⟨
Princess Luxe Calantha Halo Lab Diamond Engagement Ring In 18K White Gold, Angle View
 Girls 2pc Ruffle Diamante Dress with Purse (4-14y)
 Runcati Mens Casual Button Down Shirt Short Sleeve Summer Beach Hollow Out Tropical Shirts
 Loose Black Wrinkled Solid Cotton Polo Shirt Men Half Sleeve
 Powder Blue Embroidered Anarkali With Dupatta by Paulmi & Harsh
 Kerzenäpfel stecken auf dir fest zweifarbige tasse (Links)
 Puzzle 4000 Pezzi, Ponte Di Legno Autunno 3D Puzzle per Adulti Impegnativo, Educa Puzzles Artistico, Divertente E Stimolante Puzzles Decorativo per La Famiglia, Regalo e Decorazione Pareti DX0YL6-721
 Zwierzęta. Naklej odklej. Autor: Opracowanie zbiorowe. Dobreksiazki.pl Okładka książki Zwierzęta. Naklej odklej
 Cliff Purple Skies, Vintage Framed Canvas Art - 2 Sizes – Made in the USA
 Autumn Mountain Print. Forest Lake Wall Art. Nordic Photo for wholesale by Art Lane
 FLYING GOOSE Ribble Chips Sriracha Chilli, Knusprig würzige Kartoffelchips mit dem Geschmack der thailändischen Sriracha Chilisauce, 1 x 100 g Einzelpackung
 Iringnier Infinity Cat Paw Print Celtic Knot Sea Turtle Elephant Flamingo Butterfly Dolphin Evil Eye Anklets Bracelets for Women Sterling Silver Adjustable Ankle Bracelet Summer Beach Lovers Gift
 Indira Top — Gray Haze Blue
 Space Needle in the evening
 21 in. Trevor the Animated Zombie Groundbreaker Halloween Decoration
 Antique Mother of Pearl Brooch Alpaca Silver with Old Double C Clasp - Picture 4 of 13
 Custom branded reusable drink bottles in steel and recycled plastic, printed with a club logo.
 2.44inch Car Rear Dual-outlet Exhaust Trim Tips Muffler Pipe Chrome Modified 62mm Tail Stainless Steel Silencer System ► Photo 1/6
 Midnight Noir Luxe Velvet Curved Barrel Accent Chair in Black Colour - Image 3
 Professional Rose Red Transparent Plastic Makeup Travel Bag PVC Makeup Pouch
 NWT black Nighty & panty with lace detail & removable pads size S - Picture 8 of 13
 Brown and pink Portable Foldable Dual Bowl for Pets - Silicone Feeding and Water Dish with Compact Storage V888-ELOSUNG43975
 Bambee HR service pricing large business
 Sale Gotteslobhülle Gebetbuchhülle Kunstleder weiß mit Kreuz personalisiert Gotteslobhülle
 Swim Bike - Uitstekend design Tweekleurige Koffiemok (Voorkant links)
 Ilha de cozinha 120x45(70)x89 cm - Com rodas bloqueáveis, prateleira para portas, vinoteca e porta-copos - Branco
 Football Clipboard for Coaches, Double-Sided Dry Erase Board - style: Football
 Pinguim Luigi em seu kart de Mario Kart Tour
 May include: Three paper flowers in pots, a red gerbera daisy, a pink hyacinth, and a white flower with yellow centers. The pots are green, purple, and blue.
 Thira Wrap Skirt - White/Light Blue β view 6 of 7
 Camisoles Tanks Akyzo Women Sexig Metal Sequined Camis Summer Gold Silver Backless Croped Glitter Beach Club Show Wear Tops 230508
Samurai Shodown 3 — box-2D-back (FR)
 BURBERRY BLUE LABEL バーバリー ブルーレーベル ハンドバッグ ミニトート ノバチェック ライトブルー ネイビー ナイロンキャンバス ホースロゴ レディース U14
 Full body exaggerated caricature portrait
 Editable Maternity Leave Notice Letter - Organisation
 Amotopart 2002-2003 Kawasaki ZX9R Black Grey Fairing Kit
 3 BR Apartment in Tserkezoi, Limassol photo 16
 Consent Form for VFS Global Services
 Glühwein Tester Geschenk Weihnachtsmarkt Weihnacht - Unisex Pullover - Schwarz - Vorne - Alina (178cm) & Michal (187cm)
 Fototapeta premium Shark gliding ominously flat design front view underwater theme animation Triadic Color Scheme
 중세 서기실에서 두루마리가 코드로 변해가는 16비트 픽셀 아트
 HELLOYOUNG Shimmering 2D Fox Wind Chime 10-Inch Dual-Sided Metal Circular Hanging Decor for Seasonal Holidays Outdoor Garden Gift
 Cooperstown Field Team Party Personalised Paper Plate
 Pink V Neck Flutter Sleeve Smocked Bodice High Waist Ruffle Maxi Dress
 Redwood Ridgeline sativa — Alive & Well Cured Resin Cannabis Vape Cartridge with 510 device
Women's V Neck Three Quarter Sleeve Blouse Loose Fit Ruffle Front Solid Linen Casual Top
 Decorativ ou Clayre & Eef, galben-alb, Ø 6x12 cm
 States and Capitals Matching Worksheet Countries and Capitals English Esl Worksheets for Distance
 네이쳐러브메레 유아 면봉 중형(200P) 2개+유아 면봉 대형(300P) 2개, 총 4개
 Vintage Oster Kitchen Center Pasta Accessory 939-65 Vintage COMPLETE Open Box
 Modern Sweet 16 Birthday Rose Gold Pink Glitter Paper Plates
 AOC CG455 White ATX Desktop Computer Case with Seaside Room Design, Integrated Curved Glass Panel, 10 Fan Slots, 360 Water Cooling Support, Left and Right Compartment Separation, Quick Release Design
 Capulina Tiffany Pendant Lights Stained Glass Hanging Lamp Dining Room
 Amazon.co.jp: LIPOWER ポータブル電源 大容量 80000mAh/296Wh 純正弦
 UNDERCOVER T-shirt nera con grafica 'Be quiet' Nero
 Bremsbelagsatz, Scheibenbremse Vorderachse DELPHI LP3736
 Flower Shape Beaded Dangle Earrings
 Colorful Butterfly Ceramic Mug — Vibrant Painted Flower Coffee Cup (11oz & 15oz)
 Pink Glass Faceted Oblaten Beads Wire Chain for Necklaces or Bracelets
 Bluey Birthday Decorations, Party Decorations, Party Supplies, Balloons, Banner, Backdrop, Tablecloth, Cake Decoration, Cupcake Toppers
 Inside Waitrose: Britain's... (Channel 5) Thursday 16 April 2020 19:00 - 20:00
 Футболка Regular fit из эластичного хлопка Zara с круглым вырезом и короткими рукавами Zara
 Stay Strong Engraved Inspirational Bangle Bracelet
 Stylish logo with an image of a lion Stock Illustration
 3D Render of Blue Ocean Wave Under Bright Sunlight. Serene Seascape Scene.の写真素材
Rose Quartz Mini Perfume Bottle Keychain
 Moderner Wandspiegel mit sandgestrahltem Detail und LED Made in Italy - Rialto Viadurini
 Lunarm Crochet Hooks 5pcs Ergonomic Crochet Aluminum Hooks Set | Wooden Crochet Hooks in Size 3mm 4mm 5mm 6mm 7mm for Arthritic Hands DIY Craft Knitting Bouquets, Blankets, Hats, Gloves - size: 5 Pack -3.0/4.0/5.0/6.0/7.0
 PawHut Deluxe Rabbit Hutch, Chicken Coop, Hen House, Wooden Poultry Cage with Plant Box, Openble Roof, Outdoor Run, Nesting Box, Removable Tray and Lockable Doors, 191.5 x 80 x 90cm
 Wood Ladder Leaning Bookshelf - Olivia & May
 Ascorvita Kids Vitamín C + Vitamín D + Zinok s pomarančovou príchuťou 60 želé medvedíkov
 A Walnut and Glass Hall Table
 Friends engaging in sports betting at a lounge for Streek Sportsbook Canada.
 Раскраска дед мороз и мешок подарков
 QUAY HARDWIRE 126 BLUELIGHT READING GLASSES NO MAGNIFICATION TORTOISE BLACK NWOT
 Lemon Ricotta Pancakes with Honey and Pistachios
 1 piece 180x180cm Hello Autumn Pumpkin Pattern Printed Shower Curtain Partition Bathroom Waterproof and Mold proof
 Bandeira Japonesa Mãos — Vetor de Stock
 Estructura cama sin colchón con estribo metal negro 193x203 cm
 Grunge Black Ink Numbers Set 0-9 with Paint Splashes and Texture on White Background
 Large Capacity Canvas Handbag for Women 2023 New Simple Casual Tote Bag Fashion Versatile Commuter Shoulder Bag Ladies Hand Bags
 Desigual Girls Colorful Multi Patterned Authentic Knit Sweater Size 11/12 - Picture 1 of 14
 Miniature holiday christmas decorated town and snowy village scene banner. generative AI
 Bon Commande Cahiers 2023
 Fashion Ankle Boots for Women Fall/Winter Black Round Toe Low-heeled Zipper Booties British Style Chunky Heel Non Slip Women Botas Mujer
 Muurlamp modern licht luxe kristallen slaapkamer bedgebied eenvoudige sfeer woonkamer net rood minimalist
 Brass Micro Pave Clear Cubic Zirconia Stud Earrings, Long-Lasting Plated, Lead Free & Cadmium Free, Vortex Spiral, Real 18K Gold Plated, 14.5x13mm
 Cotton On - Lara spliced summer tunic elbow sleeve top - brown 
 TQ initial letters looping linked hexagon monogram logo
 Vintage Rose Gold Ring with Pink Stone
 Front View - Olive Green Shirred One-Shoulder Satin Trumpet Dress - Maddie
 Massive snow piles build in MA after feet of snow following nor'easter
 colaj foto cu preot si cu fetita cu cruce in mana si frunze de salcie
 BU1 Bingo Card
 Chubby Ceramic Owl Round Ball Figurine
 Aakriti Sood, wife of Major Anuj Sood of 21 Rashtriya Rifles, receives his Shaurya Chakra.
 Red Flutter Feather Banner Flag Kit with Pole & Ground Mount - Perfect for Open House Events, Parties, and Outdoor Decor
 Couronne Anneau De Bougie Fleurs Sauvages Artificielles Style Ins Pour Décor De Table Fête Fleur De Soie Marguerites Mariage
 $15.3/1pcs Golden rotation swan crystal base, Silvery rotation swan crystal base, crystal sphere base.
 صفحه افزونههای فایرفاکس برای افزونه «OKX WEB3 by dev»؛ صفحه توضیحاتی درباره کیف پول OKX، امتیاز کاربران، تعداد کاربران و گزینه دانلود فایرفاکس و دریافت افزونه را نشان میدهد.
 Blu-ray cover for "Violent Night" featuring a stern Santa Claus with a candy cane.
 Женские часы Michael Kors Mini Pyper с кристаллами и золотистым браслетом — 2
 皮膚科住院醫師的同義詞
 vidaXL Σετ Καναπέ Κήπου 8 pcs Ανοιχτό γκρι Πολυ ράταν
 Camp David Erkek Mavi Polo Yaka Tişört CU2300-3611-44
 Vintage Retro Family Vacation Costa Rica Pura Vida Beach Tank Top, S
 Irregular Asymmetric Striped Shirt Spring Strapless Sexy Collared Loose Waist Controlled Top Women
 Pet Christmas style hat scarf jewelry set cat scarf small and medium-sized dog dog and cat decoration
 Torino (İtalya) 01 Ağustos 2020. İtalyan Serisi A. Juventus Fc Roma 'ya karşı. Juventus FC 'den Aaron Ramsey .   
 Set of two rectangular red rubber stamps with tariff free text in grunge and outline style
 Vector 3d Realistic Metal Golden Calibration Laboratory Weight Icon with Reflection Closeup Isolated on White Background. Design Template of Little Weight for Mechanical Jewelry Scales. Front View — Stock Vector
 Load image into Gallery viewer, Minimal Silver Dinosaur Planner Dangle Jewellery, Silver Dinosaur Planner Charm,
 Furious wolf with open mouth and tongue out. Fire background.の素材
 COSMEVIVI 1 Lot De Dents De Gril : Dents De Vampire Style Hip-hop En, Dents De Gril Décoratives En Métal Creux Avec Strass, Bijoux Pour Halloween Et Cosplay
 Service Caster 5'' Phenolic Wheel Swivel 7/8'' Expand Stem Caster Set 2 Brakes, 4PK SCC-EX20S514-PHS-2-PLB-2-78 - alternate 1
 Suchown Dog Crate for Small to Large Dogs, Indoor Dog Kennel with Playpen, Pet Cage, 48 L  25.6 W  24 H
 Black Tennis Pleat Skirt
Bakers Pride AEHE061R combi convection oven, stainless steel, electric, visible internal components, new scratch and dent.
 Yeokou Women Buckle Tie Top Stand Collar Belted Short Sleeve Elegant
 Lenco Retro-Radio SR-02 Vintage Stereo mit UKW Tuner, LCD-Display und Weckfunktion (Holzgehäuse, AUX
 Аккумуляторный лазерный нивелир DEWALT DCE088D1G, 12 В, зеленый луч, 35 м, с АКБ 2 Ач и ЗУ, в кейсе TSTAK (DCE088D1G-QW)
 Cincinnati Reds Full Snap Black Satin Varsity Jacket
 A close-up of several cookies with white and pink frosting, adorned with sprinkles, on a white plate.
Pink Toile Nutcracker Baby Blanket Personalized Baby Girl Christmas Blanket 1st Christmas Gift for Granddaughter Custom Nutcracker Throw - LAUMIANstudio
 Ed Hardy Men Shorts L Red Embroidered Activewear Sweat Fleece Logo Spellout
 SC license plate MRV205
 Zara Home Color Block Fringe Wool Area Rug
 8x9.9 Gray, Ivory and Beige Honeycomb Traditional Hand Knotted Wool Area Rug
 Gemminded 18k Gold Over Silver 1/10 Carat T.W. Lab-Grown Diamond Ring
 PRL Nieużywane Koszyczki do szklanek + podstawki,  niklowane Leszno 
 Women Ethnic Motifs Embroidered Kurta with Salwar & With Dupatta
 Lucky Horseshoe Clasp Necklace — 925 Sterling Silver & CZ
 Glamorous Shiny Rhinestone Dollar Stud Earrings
⟩
REQUIRED ACTION - Among the lines above, find the one with "Redwood Ridgeline sativa" and the one with "Modern Sweet 16". Quote both and everything between them, exactly.

EXERCISE SOLUTION -
 Redwood Ridgeline sativa — Alive & Well Cured Resin Cannabis Vape Cartridge with 510 device
Women's V Neck Three Quarter Sleeve Blouse Loose Fit Ruffle Front Solid Linen Casual Top
 Decorativ ou Clayre & Eef, galben-alb, Ø 6x12 cm
 States and Capitals Matching Worksheet Countries and Capitals English Esl Worksheets for Distance
 네이쳐러브메레 유아 면봉 중형(200P) 2개+유아 면봉 대형(300P) 2개, 총 4개
 Vintage Oster Kitchen Center Pasta Accessory 939-65 Vintage COMPLETE Open Box
 Modern Sweet 16 Birthday Rose Gold Pink Glitter Paper Plates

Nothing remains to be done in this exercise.